When my niece was brutally attacked, the outpouring of love from my FB friends was amazing.  I had friends and their friends praying for her and our family, around here and all over the world!  How awesome is it that I hadn't spoken to my friend from high school in 20 some years, and she had her church in Japan praying for my niece?  How awesome is it that I "met" a wonderful woman through someone else's FB page as we were making fun of our mutual friend, and she has become my Sister in Christ and prayed for my niece with her church in Mexico?
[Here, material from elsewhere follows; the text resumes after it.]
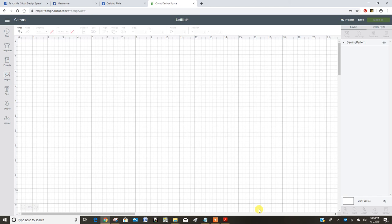This video is going to show you how to take a PDF pattern for a sewing project and convert it into something that you can cut with your Cricut maker.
I have been able to find out what my old college roomies have been doing.  And it was wonderful to see them last weekend, one local, one from California and one from Prague!  To see them and what they have become.  I would have missed out on this if it wasn't for FB!  Oh sure, we could keep in touch via email, phone, letters. But we don't.

I have been able to let others know about Down syndrome and how wonderful Lea is!  I have always had a feeling it's my job as her parent to let others know about it.  FB is a great way to do that.  I have talked a lot about homeschooling my girls and "met" some inspiring homeschool moms via FB that I never would have met in person.  (Still haven't met some of them in person!)  But we share ideas.  People have contacted me, knowing through FB that I homeschool, and have sent others my way with their questions in starting out.

So I stand by my Facebooking with no apologies.  I love my FB friends and they love me!  (And if you don't, you can just hide me.  I'll never know.)